P.S. for my above note.  Save the removing of the truck piping for last, since the old cast truck may not survive. Mine broke into 3 pieces while trying to pry off the piping.  After that I just broke the cast where the piping went through it.  I will trim it up and do like Tony and just glue it to the replacement truck.  Also be very careful with the 2 very tiny screws, I can see them falling inside the engine, luckily none of mine did.  Just a word of caution, you'll see the 2 screws I'm talking about.

Nice update, David! 

The paint combo looks good on your plastic replacement, and the super glue on the 2 pipe stanchions is the way to go.  As I mentioned before, the brass bend snapped on both of my stanchions as I was unbending them.  So, they were too short to bend in place on the replacement frame.   

Hi Tony D,

The centering spring that keeps the pilot wheels straight had a small piece of plastic on it. It looked like shrink wrap that was shrunk snug onto the wire. It's not a spring.

I didn't disassemble the pieces we used for the mold. But when I reassembled the parts I assumed the shrink wrap piece would go under the hold down screw. This would keep the spring wire from rattling around in the metal truck cover's channel. Of course with the part being plastic you wouldn't have the rattle!

Glad to see your liking the part!

Anthony has produced I think 8 sets so far. He is working on 'winterizing' a direlet house  he just bought and  will be moving to next year. He was planning on pouring the parts in between working on his house, but there was no water available and water is needed to cool the mold. He has just this week been connected back up w/ water, so I hope some production will resume.
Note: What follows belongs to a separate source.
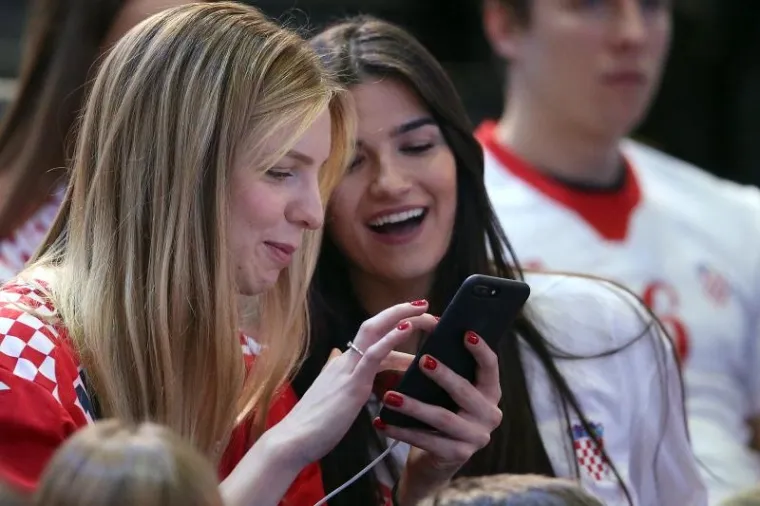 CRVENO-BIJELE TRIBINE: Cico Kranjčar među navijačima na utakmici Hrvatska-Slovenija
This 'TRUCK ' story is like writing another chapter of an interesting book on home manufacturing in the U.S.A.  Years ago I dabbled into 'TRUSCALE" "O"  wooden ready track w/ nickel silver rail, hand spiked and ballasted, also turnouts.  Next we had an "O" scale kit line, and later the "RAIL LOGIC" bi-directional signal system for HO & "O". Enough for now.  Next week I hope to ship some more backorders of the truck frames.  Harry 

.............  Years ago I dabbled into 'TRUSCALE" "O"  wooden ready track w/ nickel silver rail, hand spiked and ballasted, also turnouts.  .........

Not to derail the truck topic too much, but are you saying that the Tru-Scale line of products was your brand, or that you made something similar to it to match to the Tru-Scale product line?

I have a bunch of those turnouts, but in HO.  They are not with me, so I can't look at the box to see if they have a company address that may match up to Henning's Trains.